There seems to be a growing price gap between bulls based on the value of seedstock suppliers themselves. How much are you willing to pay for a good bull?
“For the average calf, the sire and the maternal grandsire are projected to have contributed three-fourths of the calf’s genes,” explains Kris Ringwall, North Dakota State University Extension livestock specialist. “Although somewhat challenging to do all the math, on average, if one goes back an additional generation, 87.5% of the genes within the calf crop are potentially accounted for by the last three sets of bulls that the producer bought.”

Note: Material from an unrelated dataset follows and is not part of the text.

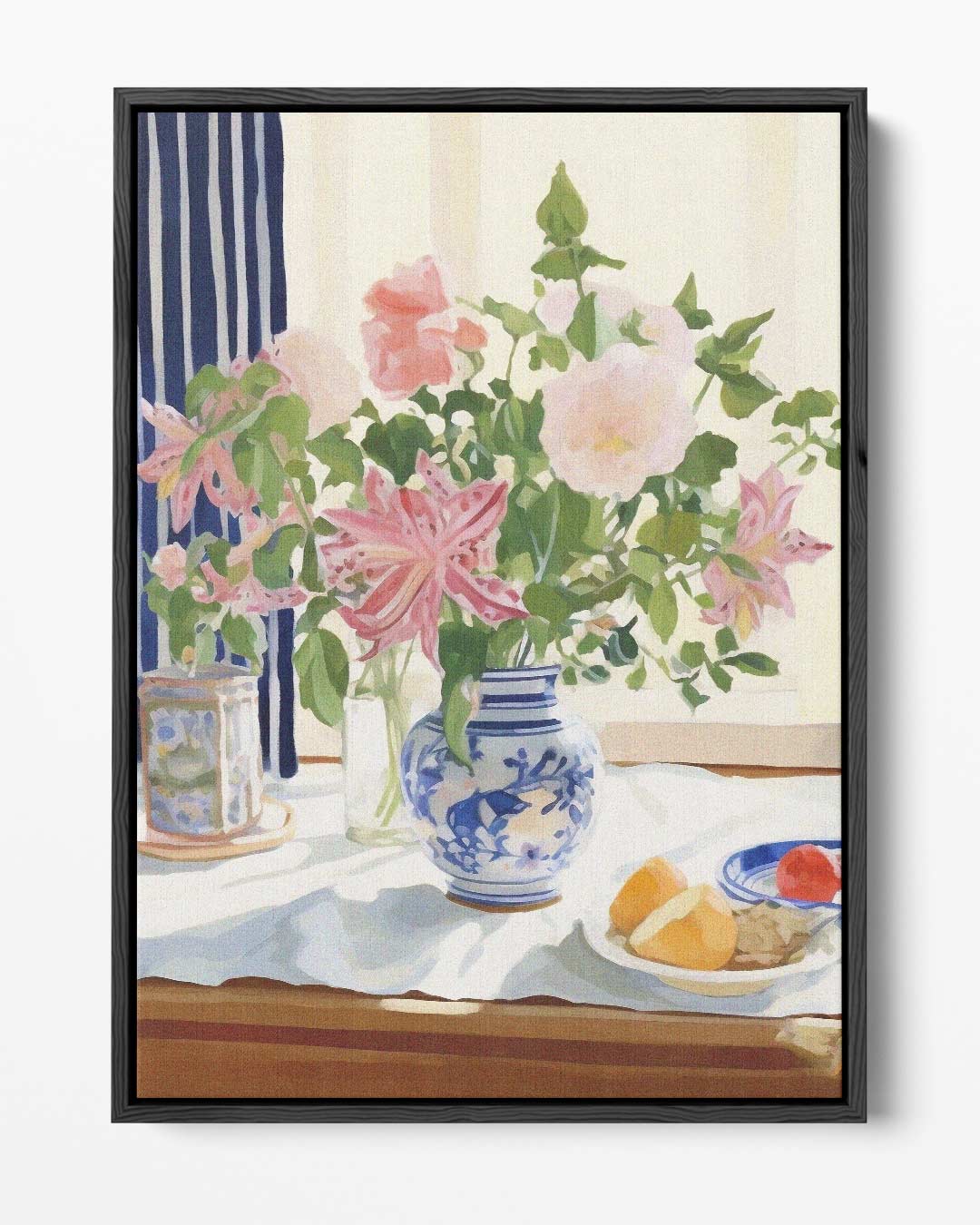 Bloemenpracht in Blauw-Witte Vaas – portret kunstwerk als wanddecoratie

Even before considering the historic genetic contribution or specific genes individual producers are trying to introduce or dilute within herds, economics say some bulls are worth a whole lot more than others.

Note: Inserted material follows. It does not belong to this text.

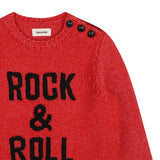 Zadig&Voltaire - X60809-954 - Jersey rojo de lana con bordado delantero - Niña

A couple of years ago, Troy Marshall, a seedstock producer at Burlington, CO, who’s also a BEEF contributing editor, offered an example based on a bull siring 100 calves. He figured, conservatively, three more calves could be achieved from a bull in the top 10% of the breed for calving ease. He figured a bull in the top 20% of the breed for carcass weight would produce calves worth $30/head more than a breed-average bull.

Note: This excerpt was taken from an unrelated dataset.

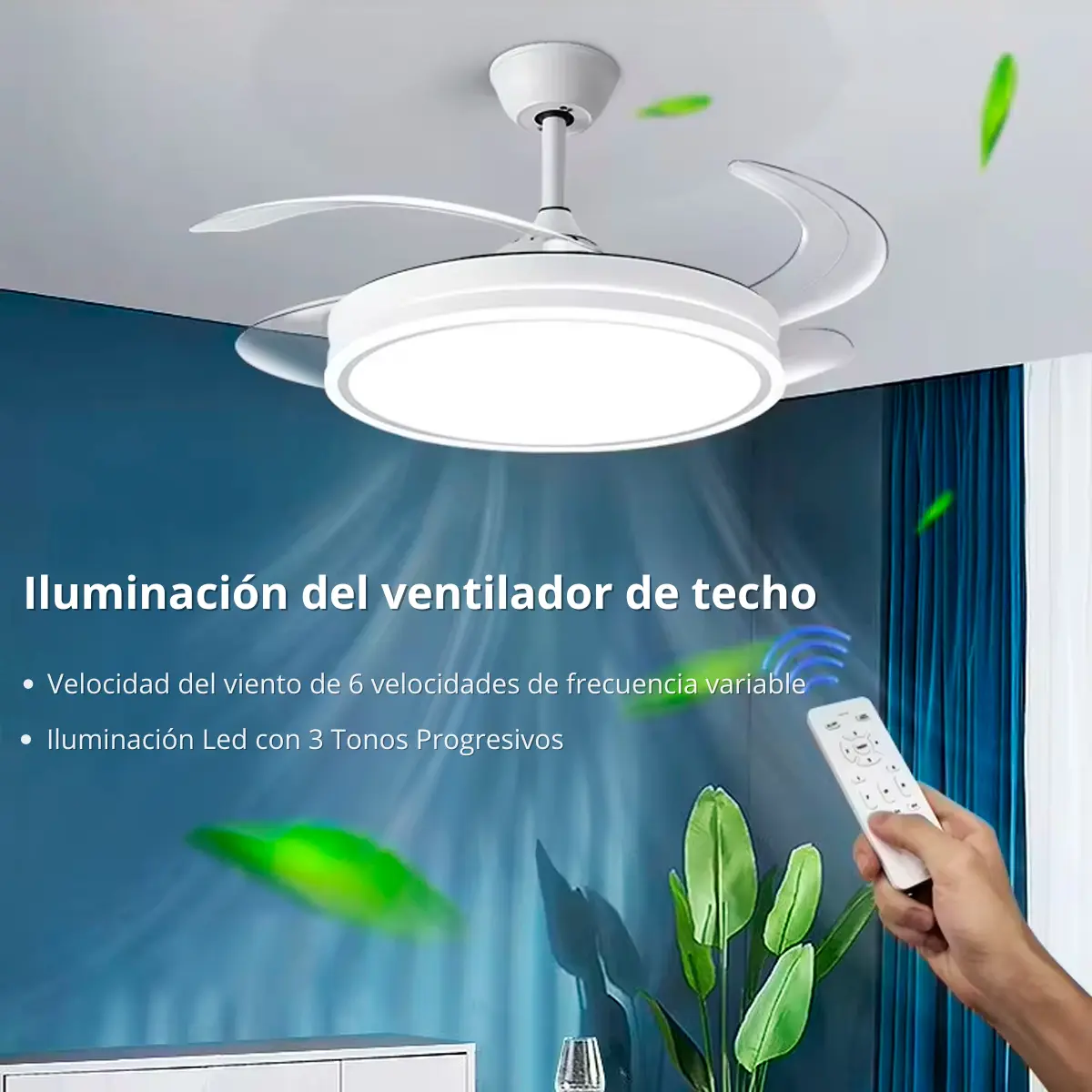 Ventilador Retractil De Techo Novohome Luz Calida Fria Neutra 6 Velocidades 4 aspas Color Blanco — imagen 3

“There are a lot of other traits like feed efficiency that also become significant. But ignoring all of them and assuming nothing more than the easily quantified traits, and assuming that all 100 calves are marketed, the value of the above-average bull compared to the average of a particular breed is over $7,500,” Marshall says.
Again, that was using prices two years ago. And, yes, that’s hindsight tallying. There’s no guarantee which genetics a bull inherits from his parents, but genomics offer more accuracy to the genetic evaluation of young bulls than ever.
Rather than bull prices getting too high, Marshall says, “In reality, when you try to put economic parameters to EPDs with today’s prices and feed costs, the better argument is that there should be more price spread on bulls than there actually is. As is the case with the commercial marketplace, it appears the higher-priced bulls are actually undervalued, while the lower-priced animals are overvalued.”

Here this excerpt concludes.